Transcribe the records word for word, beginning with the first line and ending with the line that contains "Арабика ресторан"; include nothing else.
Segment Start: Provided records
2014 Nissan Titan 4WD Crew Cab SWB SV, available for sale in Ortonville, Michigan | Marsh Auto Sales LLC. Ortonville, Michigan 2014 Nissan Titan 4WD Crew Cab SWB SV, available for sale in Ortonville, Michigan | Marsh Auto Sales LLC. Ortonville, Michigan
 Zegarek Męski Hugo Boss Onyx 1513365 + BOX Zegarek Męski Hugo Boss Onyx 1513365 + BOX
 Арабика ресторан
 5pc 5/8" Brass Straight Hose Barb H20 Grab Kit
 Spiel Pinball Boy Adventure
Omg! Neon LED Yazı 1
Segment End: Provided records
● **Response below**
2014 Nissan Titan 4WD Crew Cab SWB SV, available for sale in Ortonville, Michigan | Marsh Auto Sales LLC. Ortonville, Michigan 2014 Nissan Titan 4WD Crew Cab SWB SV, available for sale in Ortonville, Michigan | Marsh Auto Sales LLC. Ortonville, Michigan
 Zegarek Męski Hugo Boss Onyx 1513365 + BOX Zegarek Męski Hugo Boss Onyx 1513365 + BOX
 Арабика ресторан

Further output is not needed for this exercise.